For dsRNA, the spectrogram looked similar in the first part (Fig. 1B): the specific example displayed a L₀ of ∼70 nm, a F_P of ∼60 pN and a L_P of 120 nm. A melting plateau was not observed and detachment occurred at a total of ∼200 pN.

The disruption of contact between surface, nucleic acid and cantilever tip can occur by different means: if the same strand of a duplex is bound to both the cantilever and the surface, the non-specific binding on either end has to be disrupted. If one strand is bound to the surface and the other one to the tip, strand separation of the duplex could cause the loss of contact. Also, the simultaneous attachment of both strands on either or both sides cannot be excluded. As the nature of the non-specific binding is not known and various disruption forces were measured for the same species of molecules, we only examined further the values for F_P, L₀ and L_P. In this first example it was already obvious that the L_P value for RNA was much larger in comparison with the L₀ value than for DNA.

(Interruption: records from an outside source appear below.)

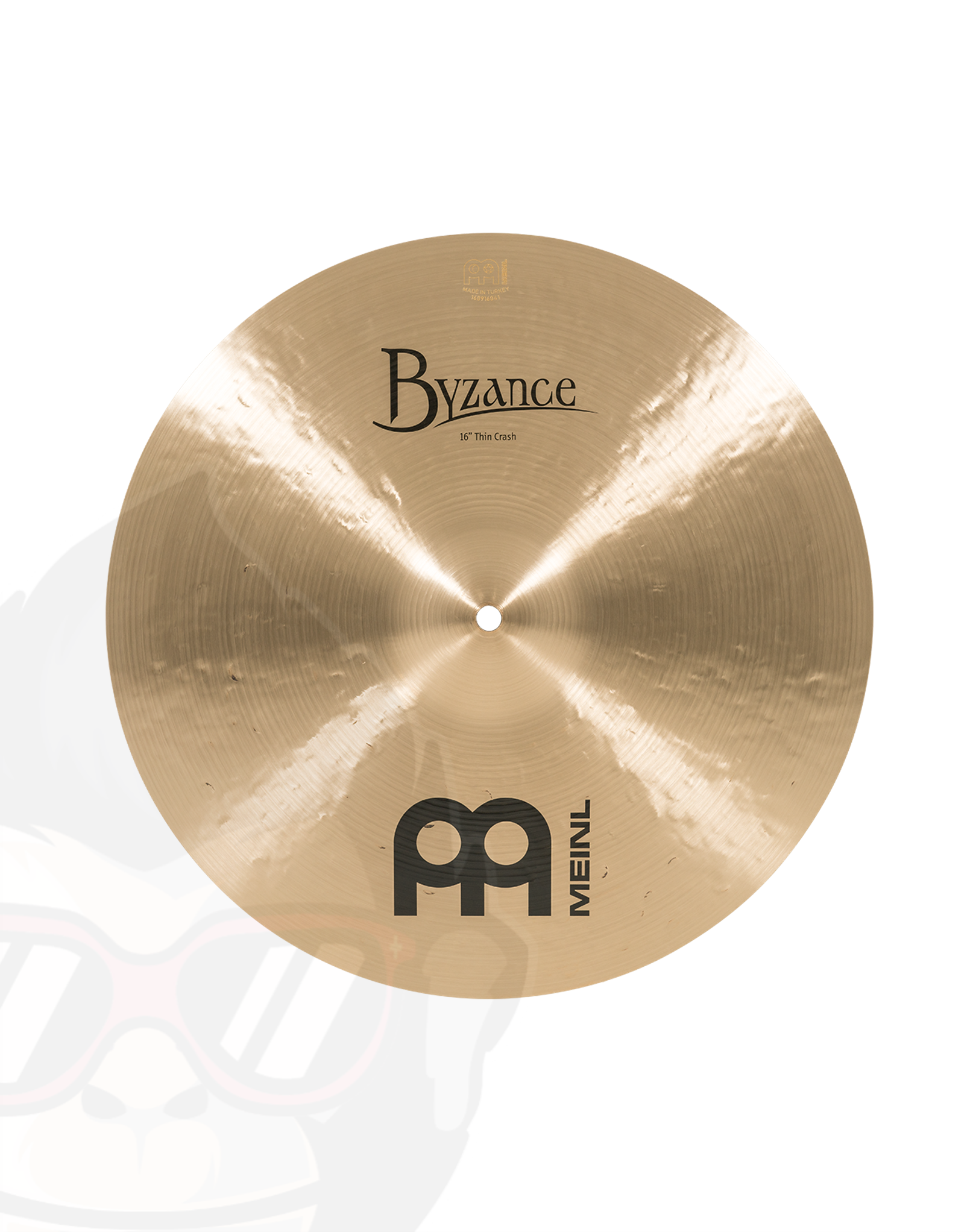 Meinl Byzance Traditional Thin Crash 16" B16TC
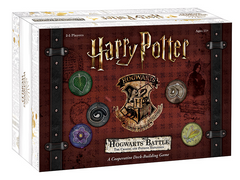 Harry Potter: Hogwarts Battle – The Charms and Potions Expansion!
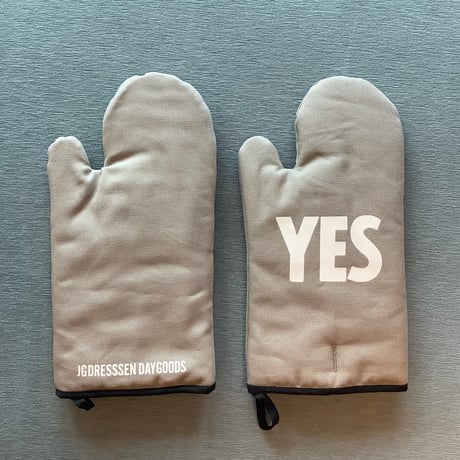 DRESSSEN MTSB1 YES  MITTEN   SMOKY BEIGE COLOR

As the non-specific attachment points of the molecules to the surface and to the cantilever cannot be predicted, the L₀ was variable. In dsDNA and dsRNA, it ranged from 50 to 215 nm for the EB4-1 fragment and from 50 to 245 nm for the Gal fragment. As expected, the maximal length corresponded well to the calculated length of the molecules.

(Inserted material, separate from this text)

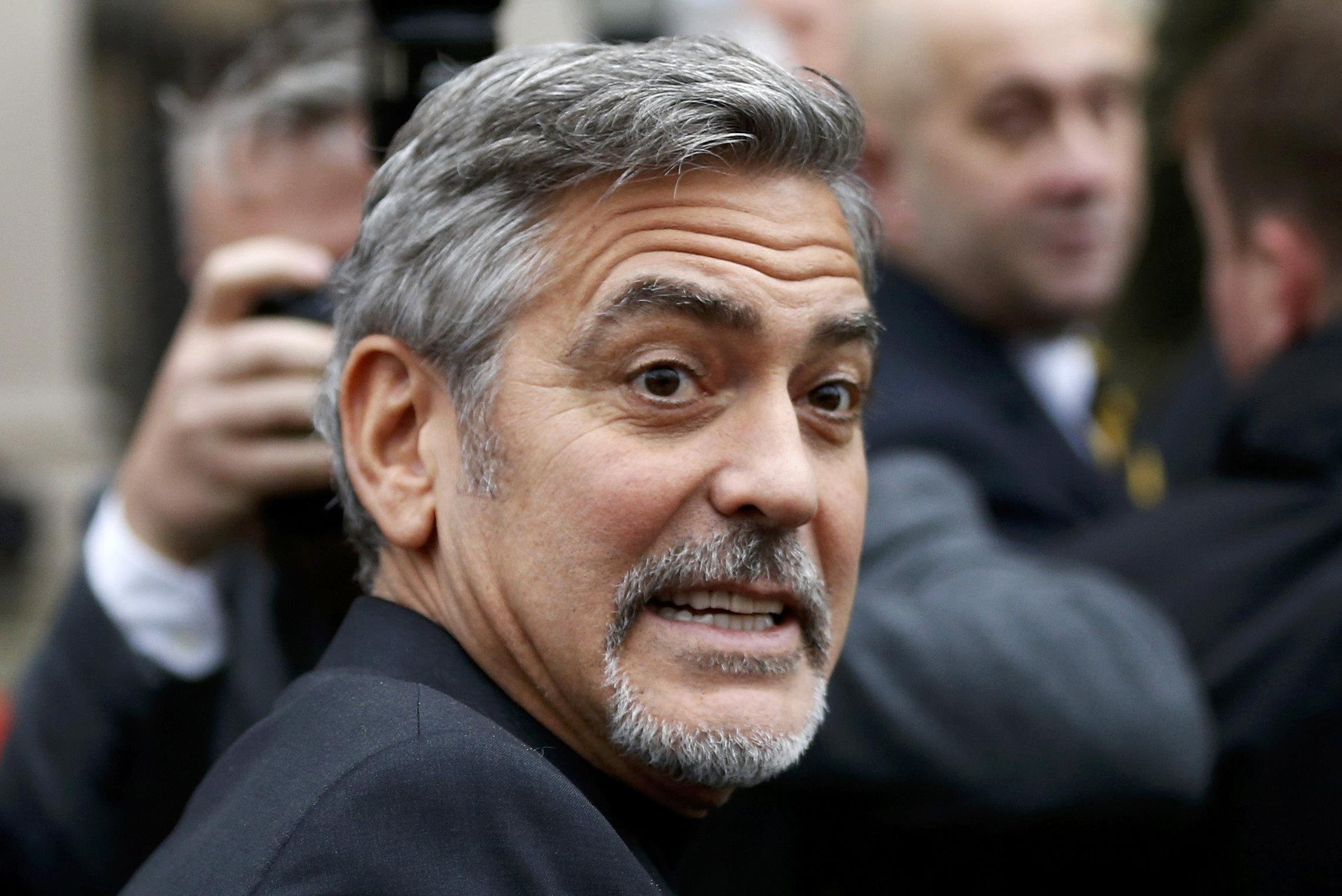 «Κάτω από τη βάση» παίρνουν ταινίες με Τζορτζ Κλούνεϊ και Τζόνι Ντεπ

The F_P was measured for the EB4-1 DNA fragment (724 bp, 36% G + C content) and the Gal DNA fragment (826 bp, 55% G + C). Figure 2A and B shows that with more than 300 measurements in both cases, a narrow distribution of ∼47 and 65 pN, respectively, was found. Especially the latter value was in good agreement with the force of 65 pN found for λDNA [52% G + C (11)]. A decrease in the F_P with increasing A + T content was expected as previous experiments (18) had shown an F_P of only 35 pN for a poly(dA)–poly(dT) duplex. The F_P of 47 pN for a DNA with a 36% G + C content fits very well in the intermediary range of plateau forces.

Forces required for the B–S transition and the A′–S transition respectively in DNA and RNA molecules of different G + C content (F_P = plateau force). The diagrams show the number of measurements generating a specific force. (A) dsDNA with a G + C content of 36%; (B) dsDNA with a G + C content of 55%; (C) dsRNA with a G + C content of 36%; (D) dsRNA with a G + C content of 55%.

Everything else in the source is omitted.